Start of Supplied material

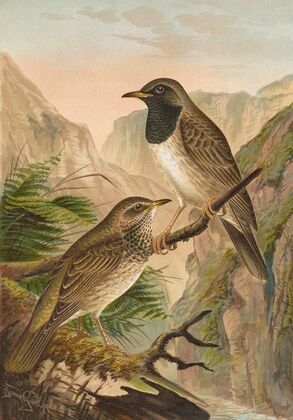 Turdus atrigularis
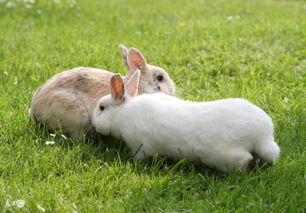 1975屬金兔那生的,1975是什麼年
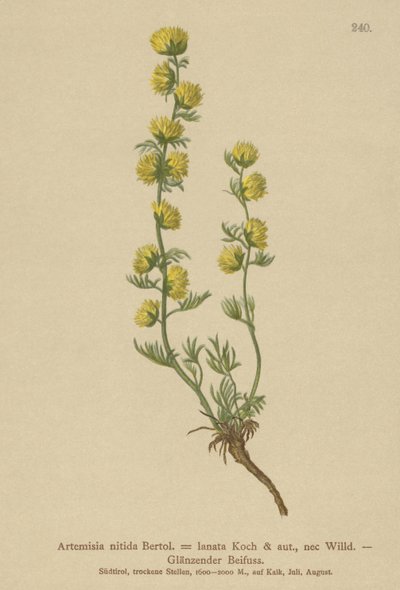 Malurt (Artemisia nitida, Artemisia lantana) af German School
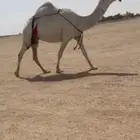للبيع الوصاخه العليانيه مبيوع ولدها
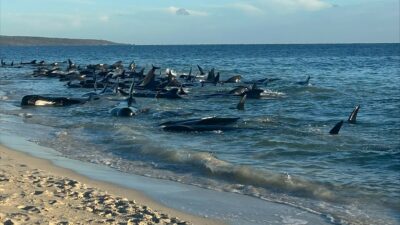 Avusturalya’da 160 pilot balina kıyıya vurdu, 28’i öldü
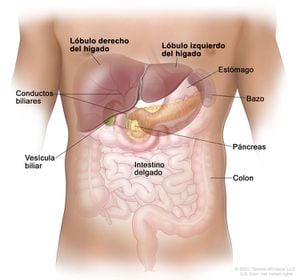 Anatomía del hígado. El hígado está en la parte superior del abdomen, cerca del estómago, los intestinos, la vesícula biliar y el páncreas. El hígado tiene un lóbulo derecho y un lóbulo izquierdo. Cada lóbulo se divide en dos secciones (que no se muestran).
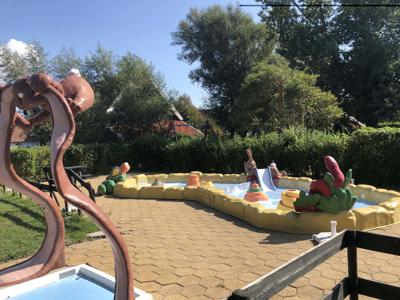 Thumbnail 3 van Duinoord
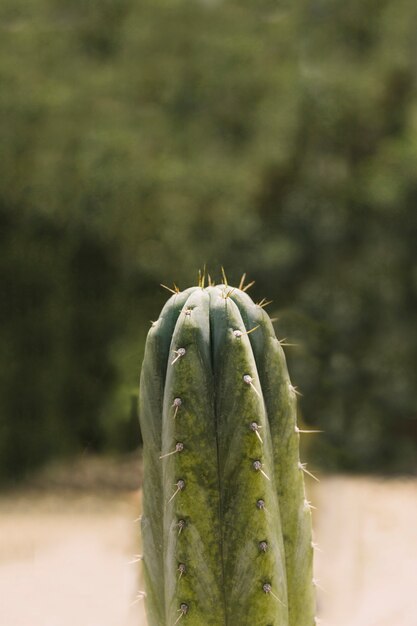 Gwożdżący cierń nad saguaro kaktusa rośliną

End of Supplied material

# [What you should do]
Write out every entry above exactly as it stands, minus the pictures.

# [Your solution]
 Turdus atrigularis
 1975屬金兔那生的,1975是什麼年
 Malurt (Artemisia nitida, Artemisia lantana) af German School
للبيع الوصاخه العليانيه مبيوع ولدها
 Avusturalya’da 160 pilot balina kıyıya vurdu, 28’i öldü
 Anatomía del hígado. El hígado está en la parte superior del abdomen, cerca del estómago, los intestinos, la vesícula biliar y el páncreas. El hígado tiene un lóbulo derecho y un lóbulo izquierdo. Cada lóbulo se divide en dos secciones (que no se muestran).
 Thumbnail 3 van Duinoord
 Gwożdżący cierń nad saguaro kaktusa rośliną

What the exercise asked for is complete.